BEGIN Provided material

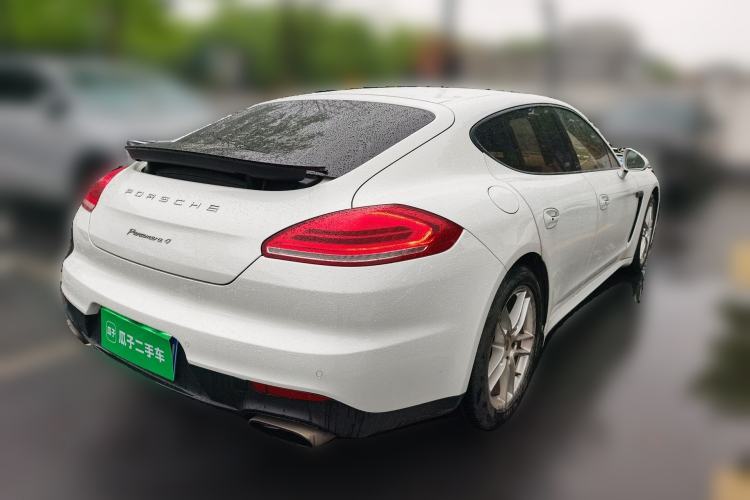 Used Porsche Panamera 2014 Panamera 4 3.0T Rear Right 45 Deg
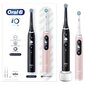 Oral-B iO6 Series Duo Pack Black / Pink Sand hind ja info | Elektrilised hambaharjad | kaup24.ee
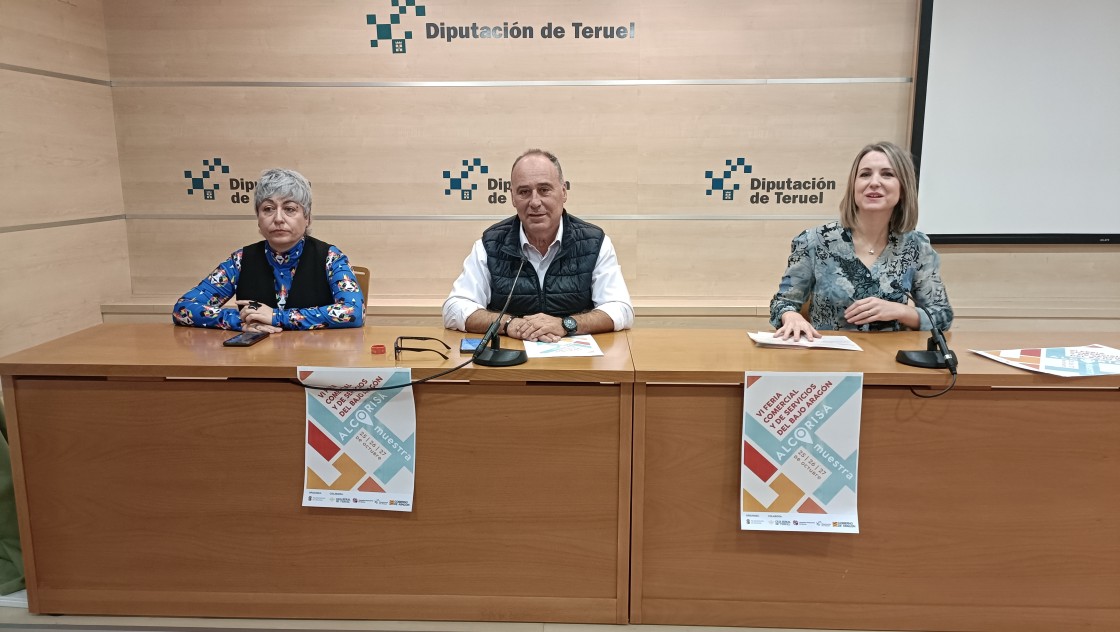 Alcorisa promociona el sector servicios del Bajo Aragón con una feria del 25 al 27 de octubre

END Provided material

**About this exercise**:
Copy the material exactly. Do not include the pictures.

**Result of the exercise**:
 Used Porsche Panamera 2014 Panamera 4 3.0T Rear Right 45 Deg
 Oral-B iO6 Series Duo Pack Black / Pink Sand hind ja info | Elektrilised hambaharjad | kaup24.ee
 Alcorisa promociona el sector servicios del Bajo Aragón con una feria del 25 al 27 de octubre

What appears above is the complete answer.